Other disadvantages to the Export Sector:
Foreign Banks with more than 20 branches in India are not required to lend to the export sector. Foreign Banks are compelled to provide loans to agriculture as priority sector advance but export sector is excluded and is not mandatory. Foreign Banks operating in India expanding their lending to the export sector could offer more sops through their network of branches abroad where export operations take place. Standard Chartered Bank, HSBC, Citibank, all having more than 20 branches in India have to lend 18% of priority sector advances to agriculture and nothing to exports as it is non priority area! This dried up export credit to export oriented units, thereby affecting exports and GDP. It is estimated that a 1% fall in priority sector lending to the export sector will reduce the export GDP by 0.76%. India is facing a rising current a/c deficit and an export led growth strategy could reverse the trend.
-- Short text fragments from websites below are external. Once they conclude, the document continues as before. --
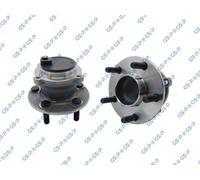 WHEEL BEARING KIT 9400174 FOR VOLVO B4184S8/4184S11 1.8L D4164T/4162T 1.6L 4cyl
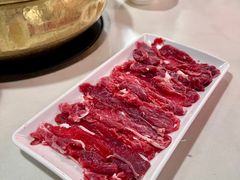 -食潮汕头鲜牛馆(望京保利店)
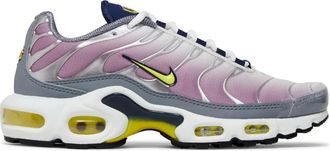 Nike Air Max Plus - Dames - Hardloopschoenen - Veelkleurig - 35 1/2 EU - Fitness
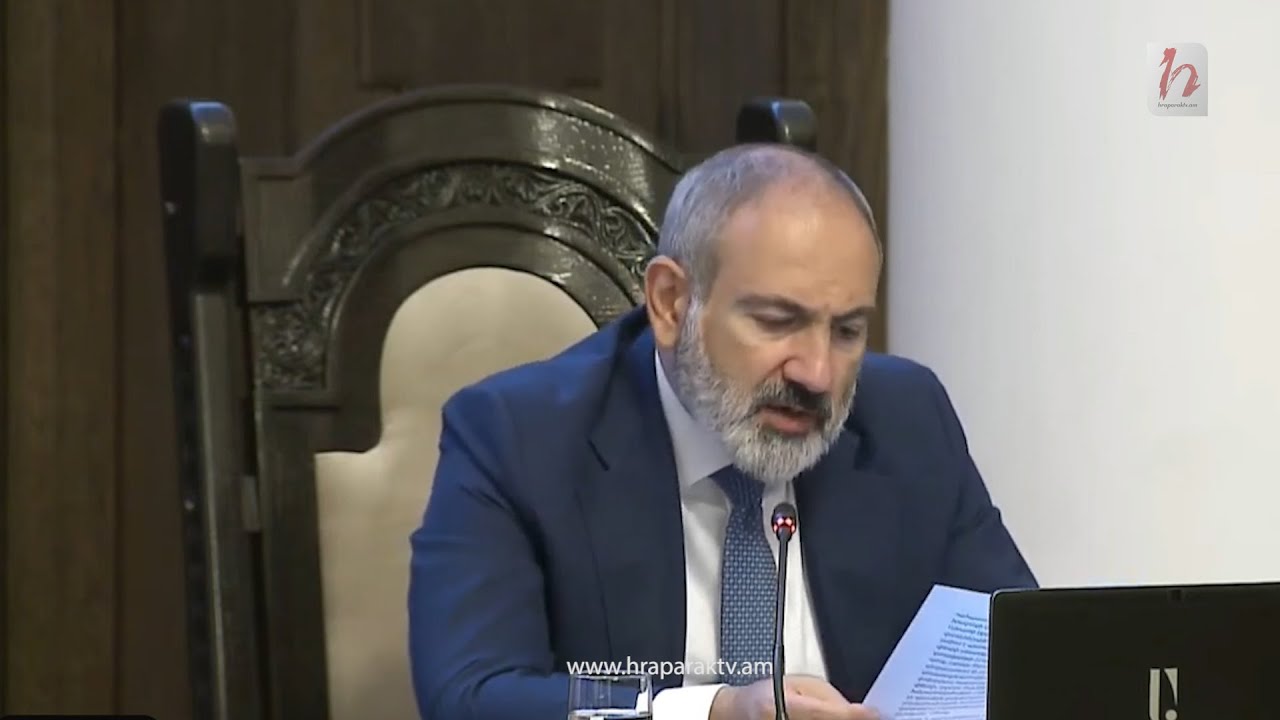 Փաշինյանն ու Ալիևը կրկին հանդիպելու են․ հայտնի է, թե երբ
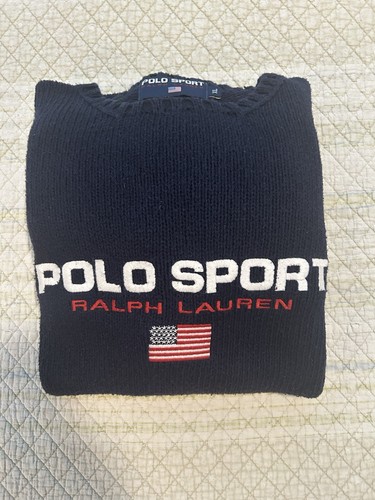 Polo sport ralph lauren uomo - polo,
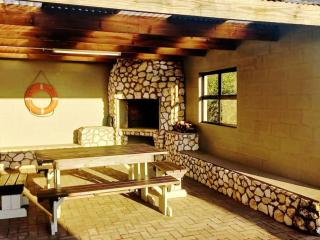 Hook Wine And Sinker - 1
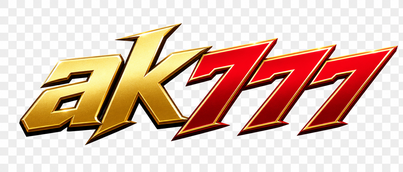 ak777 Logo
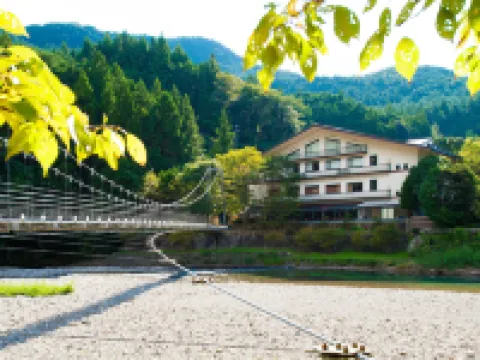 わたらせ温泉 ホテルやまゆり 田辺のホテル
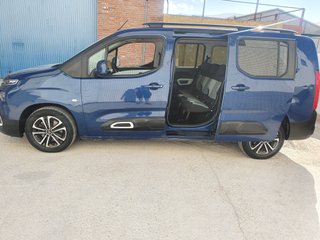 Citroen Berlingo 2019 wattsapp 662573991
Mismatch between imports & exports:
The volumes of exports from India is still much lower than import in sharp contrast to some Southeast Asian nations and China which run export surpluses.
Deficit, being a function of both exports and imports requires multiple changes at a macro level;
Rupee has been driven largely by inflation management which has led to a bias against Indian goods;
Capital formation has not taken place in the country in areas like capital goods, electronic machinery and technology goods- import of these items have ballooned. With the right incentives and signals, capital formation in these areas can lead to manufacturing investments;
The definition of Small & Medium businesses differs from country to country. When you have WTO and Preferential Trade Agreements, a disinvest get created in front of an entrepreneur when his competitor is eligible for concessions when he is twice his size;
In India, an entrepreneur has to approach 25 different windows he ends up setting up a Plant while in an overseas location, his counterpart has to approach just 1.
Besides the increasing levels of tax incidence, multiplicity of tax incidence at both Union and state levels, the industry also suffers from retrospective effects of tax ruling. Huge amounts of tax revenues remain under dispute- estimated to be at Rs 2.56 lakh Cr in 2011-12. In India, investment decisions are made on tax considerations and not purely on economic concerns, - this is most unfortunate!
India, if it needs to gather momentum in trade, need to grow to its potential by cutting red tape, labyrinth of laws, bring down the many windows of regulatory maze, and create one solid door. We compare the achievements of many countries with ours; but seldom, we compare the easiness with which regulatory authorities act in other countries and facilitate results.